Occupational pension schemes in Germany are opting to merge by outsourcing important operational activities.
Tewes gave the recent example of the pension scheme for the Red Cross in Germany (Pensionskasse vom Deutschen Roten Kreuz VVaG) which outsourced its business operations to Verka VK Kirchliche Vorsorge VVaG, the provident fund responsible for investments and pension management for regional evangelical churches.
“This measure aims to realise synergies and ensure effective business operations in an increasingly regulated and digitalised environment,” he added.
Pensionskassen and Pensionsfonds, another vehicle to offer occupational pensions in Germany, are increasingly outsourcing functions as they find it hard to hire due to a lack of skilled workers.
The financial supervisory authority BaFin has encouraged small Pensionskassen in the past few years to transfer their holdings to larger pension funds to minimise risk and increase efficiency.
As a result, the number of Pensionskassen has decreased from 135 in 2019 to 124 in 2023, while the amount of assets under management increased from €178bn to €206bn over the same period of time, according to BaFin.
The solvency and financial situation of Pensionskassen has improved in the past year on the back of higher returns and rising interest rates.
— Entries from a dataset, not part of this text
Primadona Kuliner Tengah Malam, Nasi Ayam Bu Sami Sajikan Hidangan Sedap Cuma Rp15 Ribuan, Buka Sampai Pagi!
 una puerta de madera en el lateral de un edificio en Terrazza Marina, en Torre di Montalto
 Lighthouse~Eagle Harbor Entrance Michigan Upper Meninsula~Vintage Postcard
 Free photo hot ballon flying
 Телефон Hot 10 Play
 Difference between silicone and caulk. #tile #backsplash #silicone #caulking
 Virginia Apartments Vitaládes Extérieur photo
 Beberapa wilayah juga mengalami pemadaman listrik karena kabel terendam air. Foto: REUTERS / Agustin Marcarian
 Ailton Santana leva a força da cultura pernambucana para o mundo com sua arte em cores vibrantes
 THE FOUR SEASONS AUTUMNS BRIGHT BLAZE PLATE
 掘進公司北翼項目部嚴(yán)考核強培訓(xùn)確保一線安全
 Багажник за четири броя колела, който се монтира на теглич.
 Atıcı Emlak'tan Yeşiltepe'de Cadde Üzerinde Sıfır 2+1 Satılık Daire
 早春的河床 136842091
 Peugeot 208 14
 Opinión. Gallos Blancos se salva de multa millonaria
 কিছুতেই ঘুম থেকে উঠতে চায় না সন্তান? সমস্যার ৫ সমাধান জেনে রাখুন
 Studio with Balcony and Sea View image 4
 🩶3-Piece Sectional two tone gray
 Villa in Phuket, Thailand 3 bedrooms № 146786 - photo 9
According to BaFin, the number of Pensionskassen under intensified supervision fell from 40 in 2020 to less than 20 in 2023.
This is a clear sign that the schemes improved their risk-bearing capacity but there are still major differences between individual pension funds, particularly with regard to the ability to cover obligations, Tewes said.
Pensionskassen are well positioned to navigate the current market on the back of increasing funding and solvency capital requirements, and growth in terms of assets under management which have strengthened their financial condition, he added.
Future challenges could include their ability to adapt to new regulatory frameworks and the changing demand from members.
BaFin said occupational pension schemes might struggle to fully meet their obligations in the coming years as their assets are still largely invested in long-term interest-bearing securities that suffered from a prolonged phase of low interest rates.